While the lease requires Hulsizer to keep the Coyotes in Glendale for the next 23 years (and “work to rename” them the Arizona Coyotes; what, he has to lobby the Swedish Naming Bureau for approval?), he also gets an out clause that would let him terminate the lease if the city (in the Republic’s words) “failed to meet its financial obligations to the team or faced a lawsuit that invalidated part or all of the deal.” Then Hulsizer gets to keep the team and the $197 million in cash, and go wherever he likes with them.

Given that the Arizona-based Goldwater Institute is already threatening to sue to block the deal, this is a not inconsiderable risk. And, of course, Glendale is out $197 million either way. Jerry Reinsdorf is starting to look not so bad in retrospect…


5 comments on “Glendale votes to give $197m to rich guy, so he can buy Coyotes for $170m

  1. Does this seem to be the worse stadium deal ever? Seriously.

    The buyer nets $27 million. Is my math correct? $100M + $97M – $170M = $27M, yes?

    This deals goes beyond the idea of buying an asset with no money down.

  2. Living in Mesa, AZ, I’m glad that someone has stepped up and taken the Stupid Giveaway of the Year prize from us… and with only 15 days to go in 2010!

  3. What an amazing deal. Although after reading it, if there is a breach Hulsizer walks with the $100,000,000 for sure. Of the other $97,000,000 only $10,000,000 is paid up front. The other $87,000,000 is dished out over 5 years. So the amount he walks with is dependent on when this falls apart. Wait, I mean if this falls apart.

  4. Good one, Dave Boz!

    Yes, this deal stinks. I think everyone knew when CoG agreed to cover the losses the league would endure this year that they would, pardon the vulgarity, open wide for the next owner.

    One thing is clear, Hulsizer stands to get a free NHL franchise 6 years out (the league has imposed a 7 year “no movement” clause on the new owner… but hey, who would move when someone else is paying you to play in their building?).

    The parking purchase is really something… during the Bankruptcy last year, the franchise revealed it’s parking and ticket surcharge (both then payable to the city) had generated a maximum of around $4.5M and an average of closer to $2m p/a over the life of the arena. So, it should pay for itself roughly… never.

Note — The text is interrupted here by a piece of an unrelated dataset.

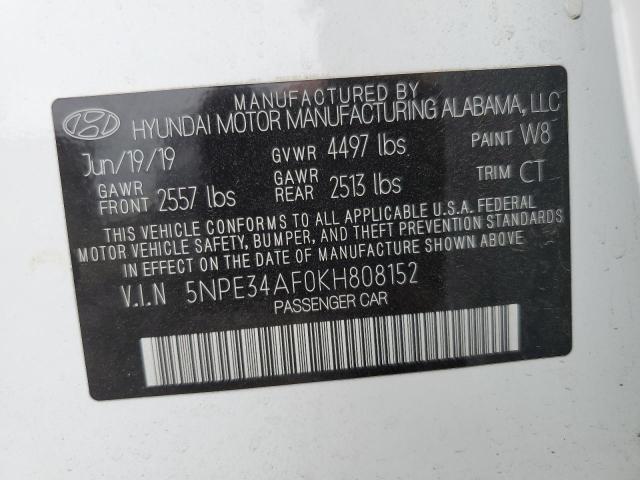 5NPE34AF0KH808152 - 2019 HYUNDAI SONATA LIMITED WHITE photo 13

    As for the parking charge increase, well, they might try that. But Coyote fans show up in extremely modest numbers, and pay an average of $36 per ticket (roughly 65% of NHL average prices).

    It doesn’t seem like there’s much room to bump prices on anything, but hey, good luck, Glendale.

  5. Was an empty arena that bad? I mean, wouldn’t they have zero scheduling problems with other events like NCAA games. Couldn’t they have made some bold bid to lure the Frozen Four down there and stacked the rest of the year with tons of concerts and given the Suns arena a run for its money? There was nothing else they could’ve done here that involved no further money going into the arena and making the best of a horrible situation?